= Carl Schiøtz Wibye =

Norwegian diplomat (born 1947)

Carl Schiøtz Wibye (born January 7, 1947, in Moss, Norway) is a Norwegian diplomat. He was Norway's ambassador to Saudi Arabia from 2009 to 2014. Carl Schiøtz Wibye has a military background in the Norwegian Army Corps of Engineers. He is a master of Political Sciences from Oslo University. His diplomatic career includes work in the Norwegian embassies in Warsaw, Belgrade, Bern, Cairo, Tehran, Macedonia, Tirana, Pristina and Saudi Arabia. He has been decorated with the Norwegian order of Commander.

In his time as the Norwegian Ambassador to Saudi Arabia Carl Schiøtz, Wibye rode around large areas of the country incognito on a motorcycle, and got extensive knowledge of local details of the Saudi society, religion and history.

In early spring 2017, his book Terrorens Rike (Kingdom of Terror) was published in Norwegian.

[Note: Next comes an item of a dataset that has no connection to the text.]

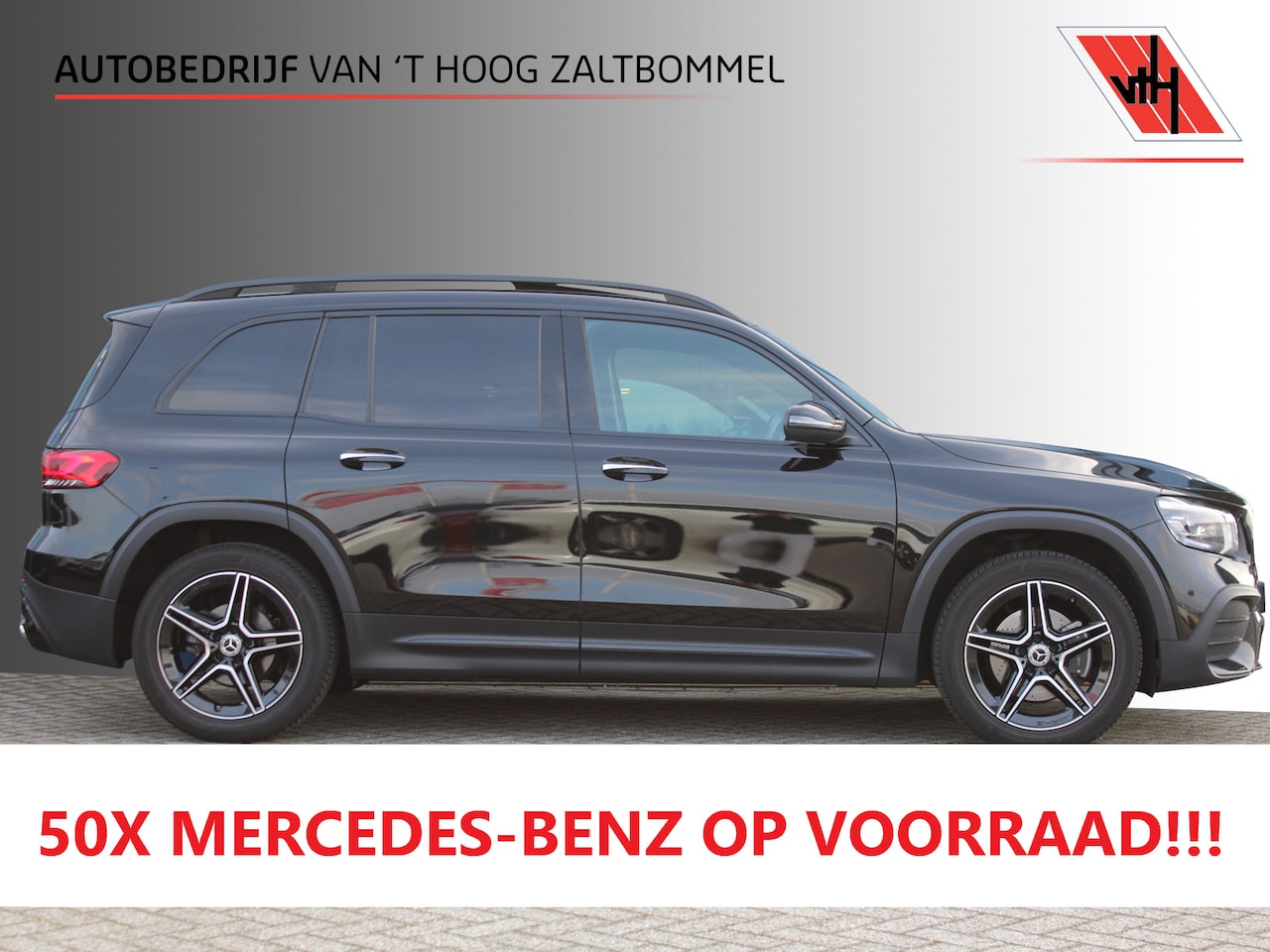 Mercedes-Benz GLB - 180 AUT7 AMG Line NIGHT PAKKET PANORAMADAK DISTRONIC SFEER CARPLAY KEY-LESS GO TREKHAAK - AutoWereld.nl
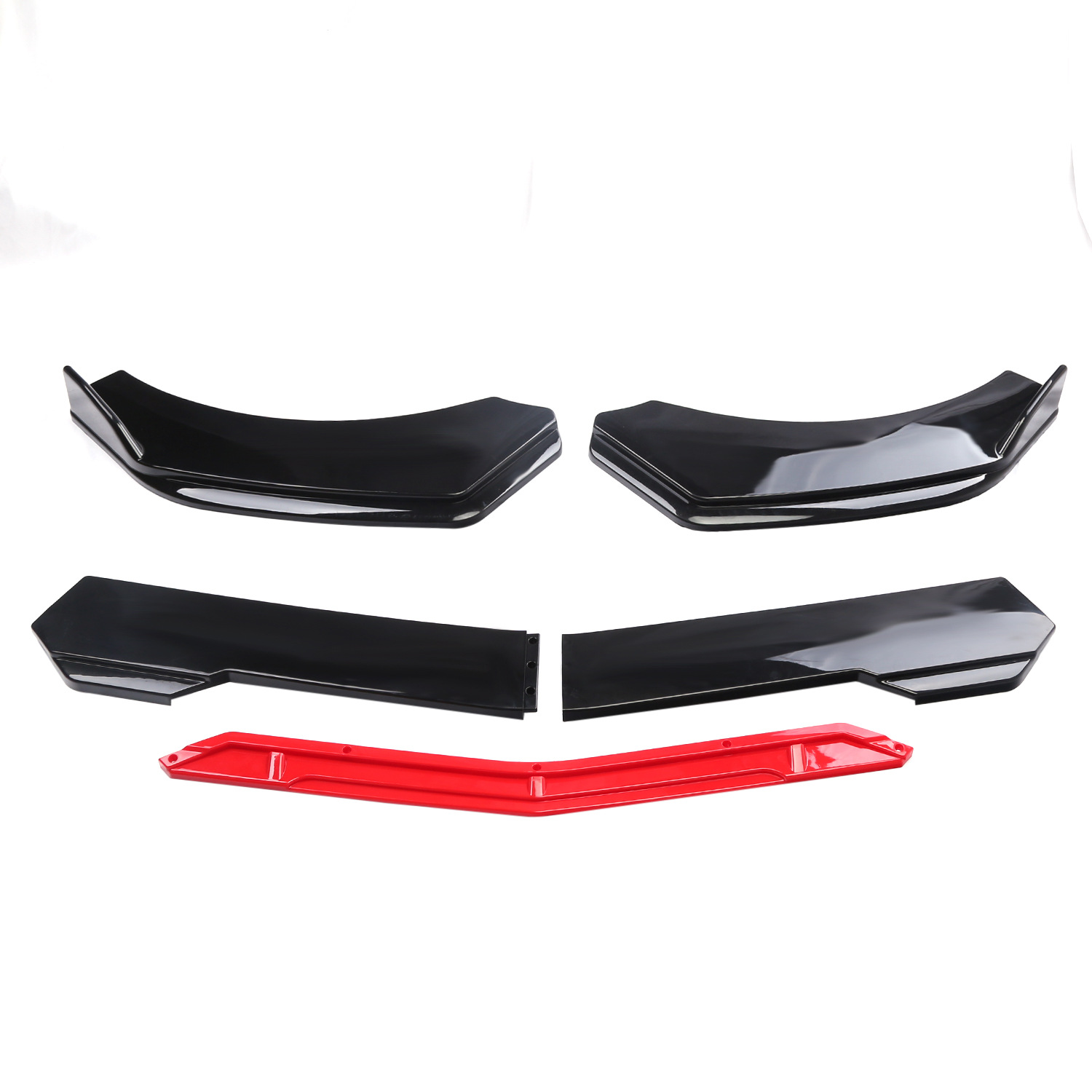 Automobile Universal four-section front lip track four-section adjustable front shovel thickened double-layer four-section front lip Chin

In the book he claims that the Saudi Arabian Wahhabism-religion is a cult rather than a religion, built on fanatical fantasies of a 16th-century preacher Ibn Abd al-Wahab, founder of the Wahhabi branch of Salafi Islam. Salafism is extreme and calls for holy war on all infidels including Jews, Christians, Shia-Muslims, Sufi-Muslims and even some Sunni-Muslims who are believed not to be pure enough.
He claims the Saudi leaders have exchanged stability internally in Saudi Arabia for large sums of money to fund Koran-schools all over the world, and these have created instability by preaching and promoting terrorism.

He suggests the banning of regimes which do not subscribe to the United Nations’ Universal Declaration of Human Rights. He is not against Islam, which in its other forms is largely peaceful, but suggests shutting down extremist Koran-schools. He does not want paint a picture of a large clash of civilizations between Islam and the West but that of an extremist cult within Islam and the catastrophic effects of the support of Saudi Arabia to that cult.